Cada maquinaria de propaganda cultural configura un ejemplo de valores oficiales aparentemente compartidos por los miembros de las comunidades que las detentan, tristemente convertidos por el mercadeo en “marca país”, un mecanismo nada sutil mediante el cual se simplifica y limita la comunicación con el fin de colonizar la mente y los hábitos de “los otros”, una especie de fábrica de fanáticos ”light de unas industrias creativas que alimentan ferias, reinados y festivales de toda índole, alfombras rojas y toda la parafernalia de la farándula, extraño concepto contemporáneo que fabrica, eleva al cielo y eventualmente suicida a famosos y famosas con precisión irritante, por lo tedioso. Al menos el león Clarence o la mona Judy nunca necesitaron asesores de imagen…
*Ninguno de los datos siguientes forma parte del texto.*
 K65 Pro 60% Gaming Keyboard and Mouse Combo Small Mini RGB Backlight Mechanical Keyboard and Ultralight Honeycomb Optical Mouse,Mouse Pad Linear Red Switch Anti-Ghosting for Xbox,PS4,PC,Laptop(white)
La identidad, personal, regional o nacional, que buscamos ansiosamente es un problema complejo. Lo plantean los grandes filósofos contemporáneos, los sicoterapeutas y los “influencers”. De ahí tanto libro de autoayuda, tanto marketing con propósito. Curiosamente, conocerse a sí mismo ahora parece imposible, pues “si mismo” es una amalgama increíble de posibilidades, algunas sugeridas cariñosamente por la familia, otras impuestas por las costumbres, las instituciones formales y la necesidad de ser o parecer alguien… distinto.
El asunto es que la velocidad conspira contra la identidad, todo cambia demasiado rápido y la fugacidad impide aprehender ningún fenómeno, diría qué para bien, porque se acelera la producción de posibilidades y aunque nos angustia lo efímero, crece la incertidumbre y con ella florece el Arte, con mayúscula. Así la comunicación se haga más compleja, podemos estar siendo quien se nos dé la gana y nos podemos inventar una y mil veces, un fenómeno emergente y paradójico derivado de la interconexión entre sobrepoblación y redes sociales, que representa la frontera de lo humano y nuestras capacidades de explorar y habitar este extraño mundo que hemos construido.
Bizca como el león de Daktari, vi la instalación del nuevo Congreso de la República y decidí mejor buscar en Youtube episodios viejos de Tierra de Gigantes y la Isla de Gilligan que nunca creí poder volver a ver. A ver si entiendo en qué país me desperté hoy.